Personal information
- Full name: Henry Gale
- Born: 11 July 1836 Winchester, Hampshire, England
- Died: 3 March 1898 (aged 61) Westbourne, Hampshire, England
- Batting: Right-handed

Domestic team information
- 1865–1866: Hampshire

Career statistics
| Competition | First-class |
| Matches | 6 |
| Runs scored | 144 |
| Batting average | 16.00 |
| 100s/50s | –/– |
| Top score | 44 |
| Catches/stumpings | 2/– |
- Source: Cricinfo, 30 December 2009

= Henry Gale (cricketer) =

English cricketer

Henry Gale (11 July 1836 – 3 March 1898) was an English first-class cricketer and civil engineer, who was mostly associated with the construction of railways.

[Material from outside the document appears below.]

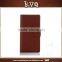 Magnetic Wallet Card PU Leather Flip Cover Case For meizu mx4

The son of Richard Gale, he was born at Winchester in July 1836. He was educated at Marlborough College, where he played for the college cricket team. From Marlborough, he became a student of the civil engineer Alfred Giles, travelling with him to Canada on railway work. When he returned to England, he was employed by Sir James Brunlees on the construction of the Ulverstone and Lancaster Railway. In 1858, he joined the staff of the Madras Railway Company in British India, where he was employed for three years. However, the construction project on the north-west line was suspended and he returned to England, back to the employment of Brunlees. It was during this period that he played first-class cricket for Hampshire, making his debut against Middlesex at Islington in 1865. He made four further first-class appearances for Hampshire to 1866, all against Surrey. He also played one first-class match for the Gentlemen of the South, captained by W. G. Grace, against the Players of the South in 1866. In six first-class matches, he scored 144 runs at an average of exactly 16, with a highest score of 44.

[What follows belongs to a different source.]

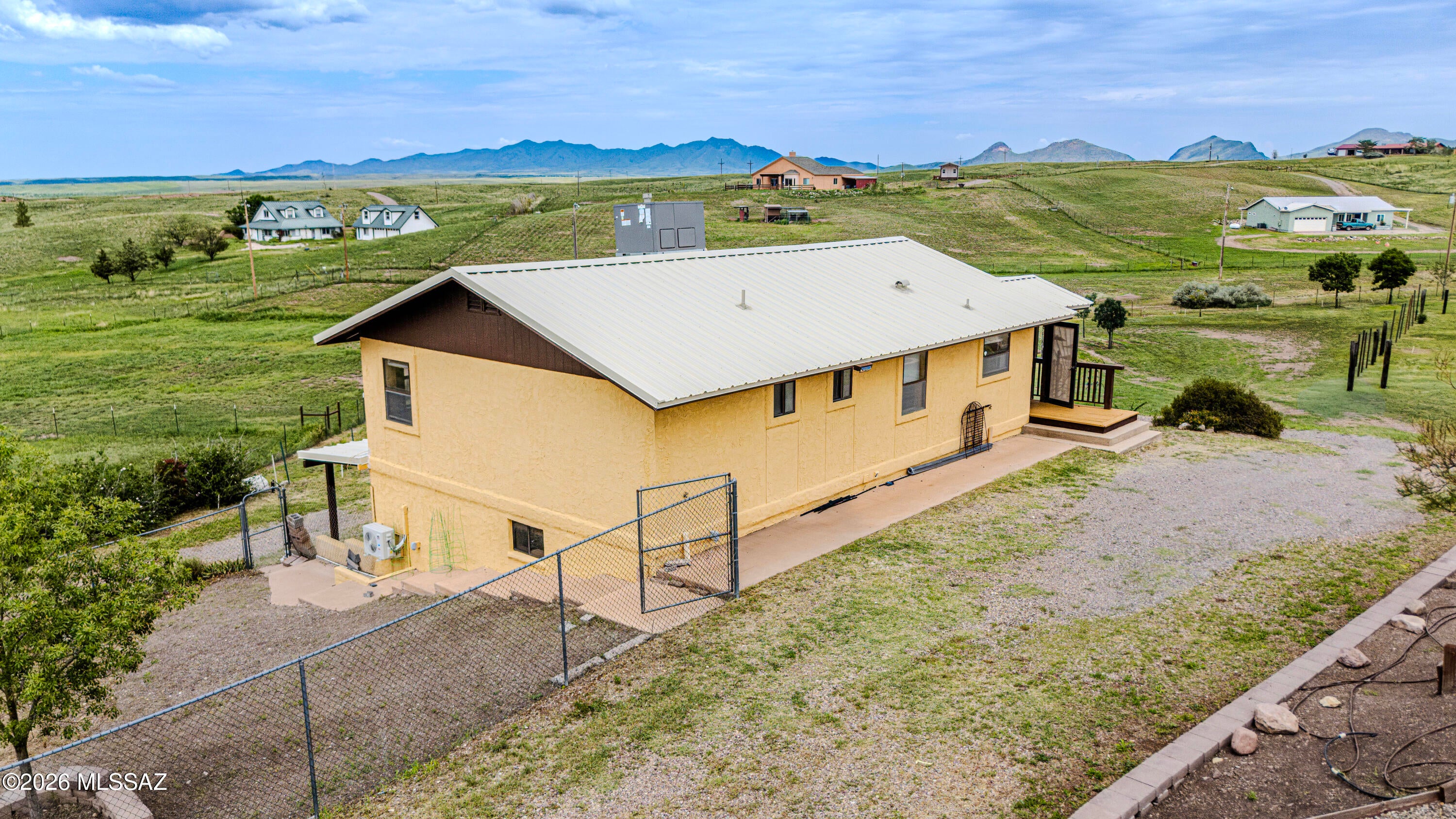 Sonoita Estates (1-18) - Residential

Gale returned to India in 1866 (the same year that he was elected a fellow of the Institution of Civil Engineers), where he returned to work on projects associated with the north-west line. Ten years later, he went to Brazil to assist with the construction of the Dona Teresa Cristina railway on behalf of Cutbill Son and De Lungo; one complicated aspect of the line, which Gale had to solve, was to protect various points of the line from "extraordinary sand-drifts". He solved this by erecting sand-shields made of corrugated iron. For many years after, he continued to represent the company in South America, including sending plans to the Government of Uruguay for works in the Port of Montevideo. By 1888, he had returned to England and was the chief engineer for the company, but continued to advise with railway construction in South America, including the Midland Uruguay Railway and various others. Cutbill and Co. became The Railway and Works Company in 1892, with Gale one of its managing directors. He died in March 1898 at the Bournemouth suburb of Westbourne, and was buried in Winchester.